Des constats sans suite.

Lors du confinement, le nombre d’appels au 119 (dédié à la prévention et à la protection des enfants en danger ou en risque de l’être) a explosé de 89%, signalant des violences intrafamiliales faites aux enfants par des parents censés les protéger. Enfants victimes de violences à l’abri des regards, tel un huis-clos que de nombreux enfants et adultes en situation de handicap vivent au quotidien.

Différents travaux sur ce fléau ont été entrepris : l’alerte en octobre 2019 de la délégation aux droits des femmes du Sénat, présidée par Annick Billon, qui a amené le Sénat à adopter à l’unanimité le 8 janvier dernier, une proposition de résolution pour dénoncer l’invisible et agir contre les violences faites aux femmes en situation de handicap ; le Grenelle des violences conjugales et l’élaboration du Livre blanc de la délégation aux droits des femmes de l’Assemblée Nationale, présidée par Marie-Pierre Rixain, avec une prise en compte de la voix des femmes en situation de handicap dans les politiques publiques; le travail mené par la mission interministérielle pour la protection des femmes contre les violences et la lutte contre la traite des êtres humains (MIPROF) rattachée au secrétariat d’État chargé de l’égalité entre les femmes et les hommes et de la lutte contre les discriminations avec la création d’outils pour lutter contre les violences faites aux femmes en situation de handicap; le rapport publié en octobre 2019 par le Groupe d’experts du Conseil de l’Europe sur l’action contre la violence à l’égard des femmes et la violence domestique (Grevio), inclut la nécessité de renforcer une prise en compte de la vulnérabilité aux violences faites aux femmes en situation de handicap en France; ou encore Inclusion En Marche [collectif thématique handicap d’adhérents du parti présidentiel La République En Marche NDLR] favorable à la désindexation des revenus du conjoint ou de la conjointe pour calculer l’Allocation Adulte Handicapé et ainsi réduire une dépendance économique propice aux violences conjugales. Malgré tous ces travaux, peu de concrétisation par ceux qui sont censés protéger les personnes en situation de handicap.

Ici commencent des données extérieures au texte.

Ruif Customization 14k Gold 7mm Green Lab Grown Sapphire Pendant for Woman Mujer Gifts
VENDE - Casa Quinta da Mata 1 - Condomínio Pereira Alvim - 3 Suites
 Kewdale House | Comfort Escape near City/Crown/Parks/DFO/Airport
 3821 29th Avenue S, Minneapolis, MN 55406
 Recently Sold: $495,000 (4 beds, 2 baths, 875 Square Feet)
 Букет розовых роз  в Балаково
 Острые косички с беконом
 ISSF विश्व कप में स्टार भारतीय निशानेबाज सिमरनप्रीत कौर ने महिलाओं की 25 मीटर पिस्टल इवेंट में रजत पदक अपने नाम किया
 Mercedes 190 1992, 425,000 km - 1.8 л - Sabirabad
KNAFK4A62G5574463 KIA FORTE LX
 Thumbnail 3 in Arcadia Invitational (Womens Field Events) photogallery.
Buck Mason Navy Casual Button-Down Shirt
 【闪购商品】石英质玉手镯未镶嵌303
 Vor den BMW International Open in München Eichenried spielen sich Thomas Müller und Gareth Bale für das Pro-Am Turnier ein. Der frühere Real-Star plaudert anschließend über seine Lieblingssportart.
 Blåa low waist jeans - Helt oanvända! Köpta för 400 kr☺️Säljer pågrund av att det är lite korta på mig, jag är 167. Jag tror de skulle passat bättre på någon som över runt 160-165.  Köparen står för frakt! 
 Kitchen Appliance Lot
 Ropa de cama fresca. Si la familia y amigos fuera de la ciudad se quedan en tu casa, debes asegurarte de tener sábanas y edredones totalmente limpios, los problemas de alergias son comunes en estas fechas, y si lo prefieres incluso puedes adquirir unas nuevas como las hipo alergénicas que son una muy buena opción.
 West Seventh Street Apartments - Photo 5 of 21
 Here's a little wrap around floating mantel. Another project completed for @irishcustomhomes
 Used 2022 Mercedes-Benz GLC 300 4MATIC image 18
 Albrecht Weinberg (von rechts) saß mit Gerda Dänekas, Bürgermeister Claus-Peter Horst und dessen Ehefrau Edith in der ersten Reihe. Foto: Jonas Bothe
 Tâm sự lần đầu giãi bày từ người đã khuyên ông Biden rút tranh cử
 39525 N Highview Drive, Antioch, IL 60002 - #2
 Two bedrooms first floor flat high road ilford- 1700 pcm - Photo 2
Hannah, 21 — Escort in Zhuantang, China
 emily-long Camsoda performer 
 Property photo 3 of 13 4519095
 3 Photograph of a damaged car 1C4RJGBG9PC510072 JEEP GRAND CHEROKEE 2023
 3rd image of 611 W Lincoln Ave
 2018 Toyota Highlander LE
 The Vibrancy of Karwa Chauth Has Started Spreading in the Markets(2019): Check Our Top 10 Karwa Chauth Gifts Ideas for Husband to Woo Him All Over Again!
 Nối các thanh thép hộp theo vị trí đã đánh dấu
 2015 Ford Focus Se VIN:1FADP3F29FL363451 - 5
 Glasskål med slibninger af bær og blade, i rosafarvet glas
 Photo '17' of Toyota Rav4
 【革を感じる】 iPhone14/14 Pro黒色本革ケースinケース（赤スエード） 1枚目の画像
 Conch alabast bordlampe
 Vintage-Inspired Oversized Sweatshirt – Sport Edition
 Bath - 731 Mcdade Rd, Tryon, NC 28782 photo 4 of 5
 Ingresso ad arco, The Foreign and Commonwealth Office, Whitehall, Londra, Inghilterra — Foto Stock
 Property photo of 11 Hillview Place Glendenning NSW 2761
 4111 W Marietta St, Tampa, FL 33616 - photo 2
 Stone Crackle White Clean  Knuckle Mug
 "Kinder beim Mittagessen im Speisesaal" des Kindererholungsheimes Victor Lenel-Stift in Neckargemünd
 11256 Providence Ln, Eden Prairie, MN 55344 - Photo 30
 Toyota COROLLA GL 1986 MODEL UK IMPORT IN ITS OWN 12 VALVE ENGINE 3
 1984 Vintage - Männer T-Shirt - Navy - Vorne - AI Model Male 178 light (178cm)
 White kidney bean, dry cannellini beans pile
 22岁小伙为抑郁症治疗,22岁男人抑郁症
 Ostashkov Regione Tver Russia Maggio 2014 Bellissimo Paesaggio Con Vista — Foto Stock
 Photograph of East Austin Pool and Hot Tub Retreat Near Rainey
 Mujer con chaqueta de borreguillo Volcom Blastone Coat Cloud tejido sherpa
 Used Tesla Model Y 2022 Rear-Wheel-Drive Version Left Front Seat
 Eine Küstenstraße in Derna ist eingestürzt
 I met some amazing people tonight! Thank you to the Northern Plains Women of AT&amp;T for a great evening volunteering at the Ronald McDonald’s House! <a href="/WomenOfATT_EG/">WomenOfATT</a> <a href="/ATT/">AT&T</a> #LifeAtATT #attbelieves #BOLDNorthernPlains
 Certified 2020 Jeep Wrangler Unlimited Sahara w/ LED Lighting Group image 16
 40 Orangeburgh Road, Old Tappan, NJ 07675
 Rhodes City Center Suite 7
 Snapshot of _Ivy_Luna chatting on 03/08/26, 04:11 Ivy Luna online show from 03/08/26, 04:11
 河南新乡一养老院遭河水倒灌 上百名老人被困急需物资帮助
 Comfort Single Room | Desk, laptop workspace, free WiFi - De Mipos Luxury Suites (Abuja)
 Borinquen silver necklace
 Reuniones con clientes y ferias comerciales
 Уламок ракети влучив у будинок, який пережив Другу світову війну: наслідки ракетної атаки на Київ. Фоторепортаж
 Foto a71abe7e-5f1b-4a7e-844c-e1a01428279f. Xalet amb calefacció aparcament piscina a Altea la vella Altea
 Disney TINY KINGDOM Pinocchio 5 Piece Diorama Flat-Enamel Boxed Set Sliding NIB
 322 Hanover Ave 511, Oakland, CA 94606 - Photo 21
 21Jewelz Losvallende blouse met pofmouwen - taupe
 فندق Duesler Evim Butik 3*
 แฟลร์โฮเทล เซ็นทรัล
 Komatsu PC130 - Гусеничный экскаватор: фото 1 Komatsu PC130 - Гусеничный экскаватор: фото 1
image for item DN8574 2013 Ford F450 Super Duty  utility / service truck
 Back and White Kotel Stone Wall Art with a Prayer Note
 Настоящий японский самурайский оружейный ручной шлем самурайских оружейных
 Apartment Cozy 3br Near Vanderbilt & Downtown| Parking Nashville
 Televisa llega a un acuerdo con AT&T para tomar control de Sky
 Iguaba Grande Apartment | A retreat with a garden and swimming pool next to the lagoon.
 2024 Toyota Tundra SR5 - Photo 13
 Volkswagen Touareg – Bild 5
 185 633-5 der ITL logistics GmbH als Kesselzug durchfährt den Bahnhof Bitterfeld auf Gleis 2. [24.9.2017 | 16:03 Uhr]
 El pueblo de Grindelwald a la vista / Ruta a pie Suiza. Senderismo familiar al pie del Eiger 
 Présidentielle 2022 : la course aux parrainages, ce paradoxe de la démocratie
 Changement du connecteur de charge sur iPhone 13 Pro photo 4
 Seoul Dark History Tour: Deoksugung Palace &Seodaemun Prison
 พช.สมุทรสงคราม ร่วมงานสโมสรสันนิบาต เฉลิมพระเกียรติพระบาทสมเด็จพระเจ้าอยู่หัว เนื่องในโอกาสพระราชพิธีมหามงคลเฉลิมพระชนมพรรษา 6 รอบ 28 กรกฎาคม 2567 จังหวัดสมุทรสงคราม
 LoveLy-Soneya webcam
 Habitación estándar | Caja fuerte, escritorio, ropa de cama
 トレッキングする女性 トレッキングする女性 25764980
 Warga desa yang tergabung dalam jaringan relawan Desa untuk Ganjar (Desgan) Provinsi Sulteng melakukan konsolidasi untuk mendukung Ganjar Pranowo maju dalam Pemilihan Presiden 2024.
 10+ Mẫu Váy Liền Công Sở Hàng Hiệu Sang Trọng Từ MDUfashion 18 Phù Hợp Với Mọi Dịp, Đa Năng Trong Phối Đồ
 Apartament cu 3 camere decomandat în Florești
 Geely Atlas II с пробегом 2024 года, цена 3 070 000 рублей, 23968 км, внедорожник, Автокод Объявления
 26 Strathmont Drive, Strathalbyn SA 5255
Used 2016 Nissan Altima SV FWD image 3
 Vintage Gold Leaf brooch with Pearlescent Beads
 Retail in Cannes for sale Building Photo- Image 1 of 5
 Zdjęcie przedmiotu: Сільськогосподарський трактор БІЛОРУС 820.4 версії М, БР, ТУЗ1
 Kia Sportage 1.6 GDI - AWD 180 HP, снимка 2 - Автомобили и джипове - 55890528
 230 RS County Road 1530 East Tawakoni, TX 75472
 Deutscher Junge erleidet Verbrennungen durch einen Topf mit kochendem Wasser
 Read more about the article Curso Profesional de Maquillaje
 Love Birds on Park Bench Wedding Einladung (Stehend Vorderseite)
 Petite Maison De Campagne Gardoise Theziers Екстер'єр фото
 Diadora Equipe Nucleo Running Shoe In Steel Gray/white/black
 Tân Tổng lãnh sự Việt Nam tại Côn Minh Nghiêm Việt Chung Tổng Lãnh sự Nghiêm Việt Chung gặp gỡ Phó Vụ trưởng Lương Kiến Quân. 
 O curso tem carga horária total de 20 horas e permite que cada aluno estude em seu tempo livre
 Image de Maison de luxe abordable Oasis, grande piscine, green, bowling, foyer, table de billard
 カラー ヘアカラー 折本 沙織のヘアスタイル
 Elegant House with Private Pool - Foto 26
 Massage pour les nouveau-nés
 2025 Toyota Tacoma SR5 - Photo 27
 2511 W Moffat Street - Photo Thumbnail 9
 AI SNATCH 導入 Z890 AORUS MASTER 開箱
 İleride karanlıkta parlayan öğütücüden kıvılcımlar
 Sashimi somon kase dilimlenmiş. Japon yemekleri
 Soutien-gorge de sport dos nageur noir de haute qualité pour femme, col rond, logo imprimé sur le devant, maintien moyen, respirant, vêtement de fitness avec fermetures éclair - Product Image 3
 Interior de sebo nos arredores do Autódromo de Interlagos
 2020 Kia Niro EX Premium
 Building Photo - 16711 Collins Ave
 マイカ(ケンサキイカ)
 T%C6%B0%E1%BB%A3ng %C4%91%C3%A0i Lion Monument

Les violences sont également confinées.

En ce temps de confinement, un environnement propice aux maltraitances conjugales et intrafamiliales, les violences endurées par les personnes en situation de handicap sont ignorées voire passées sous silence, comme si on avait oublié que le handicap accroît le risque d’en vivre. C’est un peu comme si le sujet violences-handicap restait sous omerta pour ne pas nuire à ceux qui les camouflent. Une erreur qui en temps de confinement ne pardonne pas et met en lumière l’inaction passée. N’être ni du coté du loup ni du coté de l’agneau, c’est servir les intérêts du loup. Les conséquences sont dévastatrices tant pour l’humain que politique. Une urgence dont chacun aurait dû se saisir pour se désolidariser du loup. Certains l’ont fait, d’autres non.

La personne en situation de handicap c’est aussi l’enfant. Cet enfant qui, comme tout autre, peut subir des violences intra-familliales ou institutionnelles. Ces enfants en situation de handicap ont des facteurs supplémentaires de vulnérabilité par rapport aux autres enfants. Quid des violences qu’ils peuvent subir en période de confinement ? Malgré les travaux menés par le secrétariat d’État chargé de la protection des enfants, il ne serait pas étonnant qu’ils se retrouvent confrontés à ceux qui nourrissent les intérêts du loup.

Un monde ne se construit pas « pour » une société mais « avec » tous ses individus sans laisser ce qu’il y a de plus abject dans l’ombre. Il ne se construit pas non plus autour de relations de connivence au risque de s’éloigner de l’intérêt collectif. Il est urgent de repenser à un nouveau monde sans reproduire les contre-sens du passé ! 

Et si on commençait par penser aux conséquences de nos agissements en mettant du bon sens dans nos actions ? 

Marie Rabatel, présidente de l’Association Francophone de Femmes Autistes (AFFA), mai 2020.